Salmonella, a name that often elicits fear in those who have encountered its unwelcome presence, is a well-known term. But what precisely is salmonella, and how does it manifest in various forms? This article is our hope to break down the plethora of salmonella types, the incidence across different states, common sources of infection, affected age groups, and the proactive measures undertaken by Sanikleen Group Australia (SGA) to mitigate salmonella infections.
Diverse Salmonella: Over 2500 Types & Counting
Salmonella, a member of the Enterobacteriaceae family, is a bacterium notorious for causing foodborne illnesses. Its remarkable diversity is a notable characteristic, with over 2500 distinct serovars identified to date. These serovars can be broadly categorized into two groups: Typhoidal and non-typhoidal.
1. Typhoidal Salmonella: This category comprises serovars such as Salmonella Typhi and Salmonella Paratyphi, known for causing systemic infections like typhoid and paratyphoid fevers. These diseases are frequently linked to contaminated water and inadequate sanitation, making them more prevalent in regions with limited access to clean water and sanitation facilities.
2. Non-Typhoidal Salmonella: The majority of salmonella infections fall under this category, featuring serovars like Salmonella Enteritidis and Salmonella Typhimurium. These bacteria typically result in gastrointestinal illnesses and are often transmitted through the consumption of contaminated food, particularly poultry and eggs.

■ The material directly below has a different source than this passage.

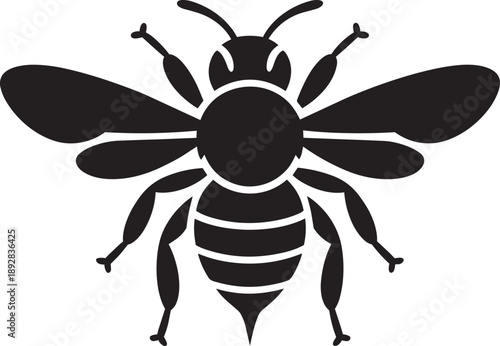 Minimalist black wasp silhouette isolated on transparent background, vector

However, a distinct difference exists between serovars. S. bongori primarily infects cold-blooded animals, while S. enterica can infect a variety of warm-blooded animals, including humans, making it a more common cause of human salmonella infections.

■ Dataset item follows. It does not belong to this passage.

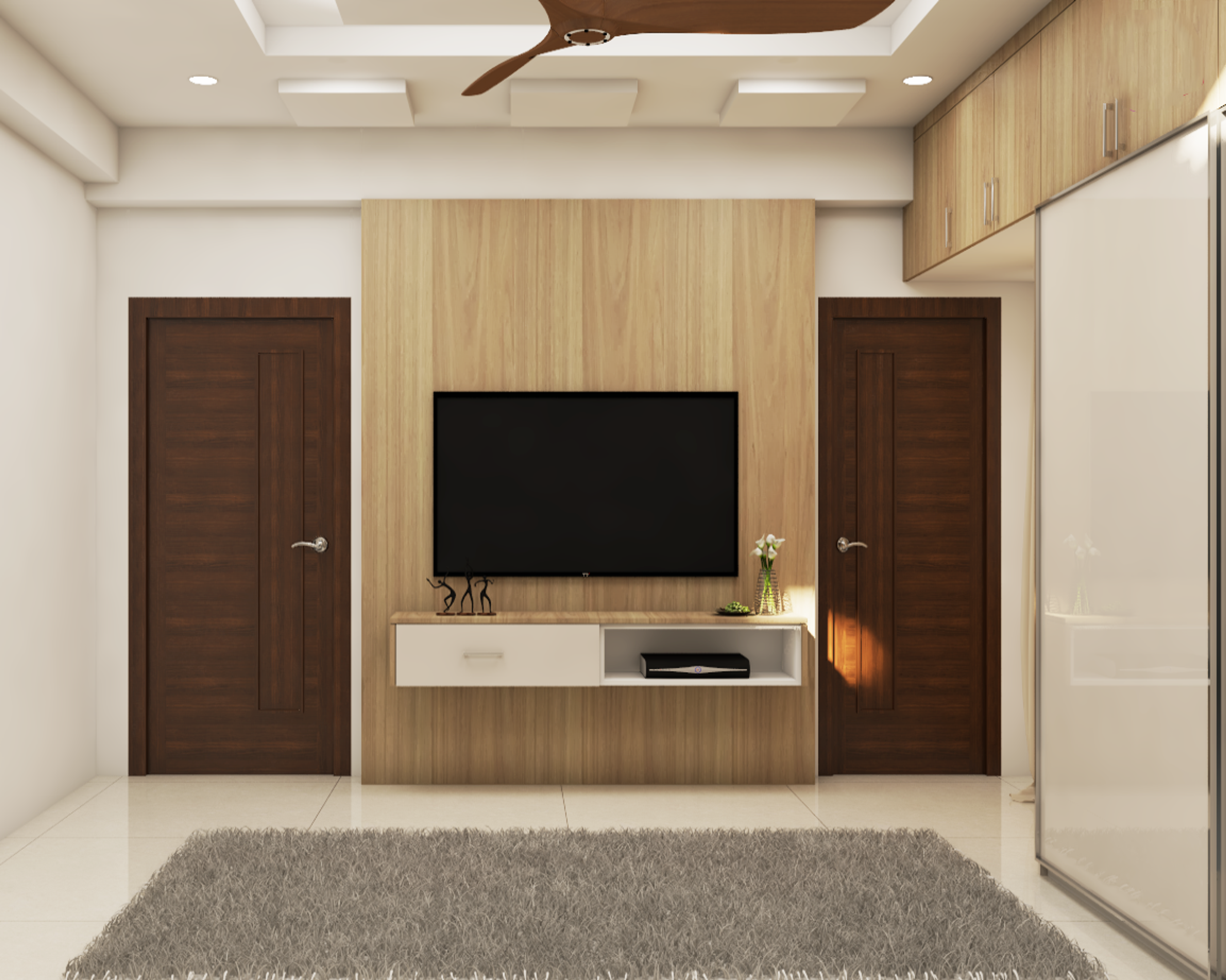 Contemporary Compact Master Bedroom Design with Dresser Unit - Livspace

Regional Variations In Salmonella Incidence
Salmonella infections can occur anywhere, but their prevalence varies by region in Australia. Different states have unique median percentages of salmonella cases per population:
- Victoria (VIC): 4.7% of the population
- New South Wales (NSW): 5.8% of the population
- Queensland (QLD): 9.5% of the population
- Northern Territory (NT): 2.6% of the population
- Tasmania (TAS): 0.6% of the population
- South Australia (SA): 7.5% of the population
- Western Australia (WA): 7.5% of the population
These variations are influenced by factors such as population density, food handling practices, and the local food supply chain. Moreover, an article by Fearnley et al. (2018) and the Australian Government Department of Health and Aged Care (2023) suggest that subtropical states are more susceptible to salmonella.

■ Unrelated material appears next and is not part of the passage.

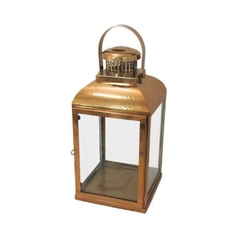 Lanterna Metal Rosê Gold Martelado Fino Acabamento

Common Causes & Sources Of Salmonella
Salmonella infections are most frequently associated with the consumption of certain foods, with chicken and nuts being among the primary culprits. However, it’s essential to note that the sources of salmonella are not limited to these items. Contaminated raw eggs, unpasteurized dairy products, and under cooked meat are other common sources. Cross-contamination between raw and cooked foods, as well as improper food storage and handling, can also contribute to the spread of salmonella.
Age Groups At Risk
Salmonella infections can affect individuals of all ages, but certain age groups are more vulnerable. Infants, young children, the elderly, and individuals with weakened immune systems, such as those with chronic illnesses or undergoing chemotherapy, are at a higher risk of experiencing severe symptoms when infected with salmonella. However, healthy adults can also contract salmonella, experiencing mild to moderate symptoms like diarrhea, fever, and abdominal cramps.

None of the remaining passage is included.